### Data:
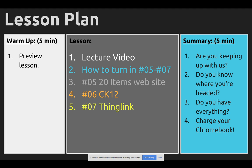I encourage you to answer the question and look at the two videos — give you some time to do that. It might really help when it comes to number seven especially. I'll show you how to turn in number five, six, and seven on classroom.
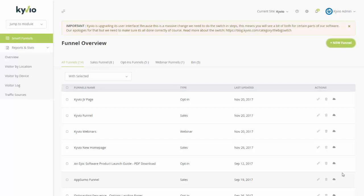Hey there, this is Neil Napier here and in this video I'm going to show you how to create a product launch formula style funnel that Jeff Walker talks about in his training.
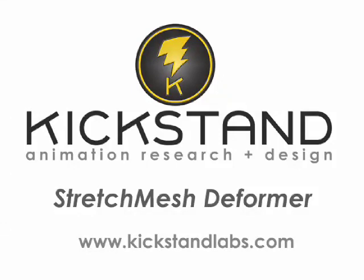I'm going to be demonstrating a couple new technologies from KickStand. The first is called Stretch Mesh and this is a deformer from Maya that gives you some really nice stretchy behavior.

### What you have to do:
In the copy, include no pictures; restate the listing above exactly.

### Written reply:
I encourage you to answer the question and look at the two videos — give you some time to do that. It might really help when it comes to number seven especially. I'll show you how to turn in number five, six, and seven on classroom.
Hey there, this is Neil Napier here and in this video I'm going to show you how to create a product launch formula style funnel that Jeff Walker talks about in his training.
I'm going to be demonstrating a couple new technologies from KickStand. The first is called Stretch Mesh and this is a deformer from Maya that gives you some really nice stretchy behavior.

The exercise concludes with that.